Notwithstanding her good looks, there was something about Célandine that made her an object of dread to her fellow-servants, whether slaves or free. The woman’s manner was scowling and suspicious, she suffered from long fits of despondency; she muttered and gesticulated to herself; she walked about during the night, when the rest of the household were in bed. Altogether she gave occasion, by her behaviour, to those detractors who affirmed that, whether his mother or not, there was no doubt she was a faithful worshipper of Satan.

In the island whence she came, and among the kindred people who had brought with them from Africa their native barbarism and superstitions, the dark rites of Obi were still sedulously cultivated, as the magic power of its votaries was implicitly believed. The three-fourths of white blood in the veins of Célandine had not prevented her, so they said, from becoming a priestess of that foul order; and the price paid for her impious exaltation was differently estimated, according to the colour of those who discussed the revolting and mysterious question, even amongst the French domestics of Madame de Montmirail, and in so practical an age as the beginning of the eighteenth century. The quadroon, finding herself shunned by her equals, was drawn all the closer to her mistress and her little charge.

Such was the woman who pushed her way undaunted through the crowd of courtiers now thronging the Grand Alley at Versailles, eliciting no small share of attention by the gorgeousness of her costume; the scarlet shawl she had bound like a turban round her head, the profusion of gold ornaments that serpentined about her neck and arms, together with the glaring pattern of white and orange conspicuous on her dress, till she reached the secluded corner where Cerise was sitting with her broken daisy-chain and her attendant page, as she had been left by the king.

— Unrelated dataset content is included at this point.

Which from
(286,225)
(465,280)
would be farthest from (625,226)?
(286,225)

The quadroon’s whole countenance brightened into beauty when she approached her darling, and the child bounding up to meet her, ran into her arms with a cry of delight that showed their attachment was mutual. George, extremely proud of his commission, volunteered to guide them to the spot whence, as directed, they could witness the progress of the king’s dinner, and the strangely-matched trio proceeded through the now decreasing crowd, to all appearance perfectly satisfied with each other.

They had already taken up their position opposite the window which his Majesty had indicated, and were in full enjoyment of the thrilling spectacle he had promised them, namely, a little old man in a wig, served by half-a-dozen servants at once, and eating to repletion, when Cerise, who clung to Célandine’s hand, hid her face in the bonne’s gown, to avoid the gaze of two gentlemen who were staring at her with every mark of approval. “What is it, my cherished one?” said the quadroon, in tender accents. “Who dares frighten my darling?” But the fierce voice changed into coaxing tones when the bonne recognised a familiar face in one of her charge’s unwelcome admirers.

“Why, it’s Monsieur l’Abbé! Surely you know Monsieur l’Abbé! Come, be a good child, then; make Monsieur l’Abbé a reverence, and wish him good-day!”

But Cerise persistently declined any friendly overtures whatever to Monsieur l’Abbé; hanging her head and turning her toes in most restively; so the three passed on to witness the process of eating as performed by Louis le Grand; and Monsieur l’Abbé, crumpling his extremely plain features into a sneer, observed his companion, “It is droll enough, Florian, children never take to me, though I make my way as well as another with grown-up people. They seem to mistrust me from the first. Can it be because I am so very ugly?”

The other smiled deprecatingly. “Good looks,” said he, “have nothing to do with it. Children are like their elders—they hate intellect because they fear it. Oh, Malletort! had I the beauty of Absalom, I would give it all willingly to possess your opportunities and your powers of using them!”

“Thank you,” replied Malletort, looking gratified in spite of himself at the compliment, but perhaps envying in his secret heart the outward advantages which his friend seemed so little to appreciate.

Florian de St. Croix, just on the verge of manhood, was as handsome a youth as might be met with amongst the thousand candidates for the priesthood, of whom he was one of the most sanguine and enthusiastic. Not even the extreme plainness of his dress, appropriate to the sacred calling he was about to enter—not even his close-cut hair and pallid hue, result of deep thought and severe application—could diminish the beauty of his flashing eyes, his clear-cut features, and high, intellectual forehead, that denoted ideality and self-sacrifice as surely as the sweet womanly mouth betrayed infirmity of purpose and fatal subservience to the affections. His frame, though slender, was extremely wiry and muscular; cast, too, in the mould of an Apollo. No wonder there was a shadow of something like jealousy on his companion’s shrewd, ugly face, while he regarded one so superior in external advantages to himself.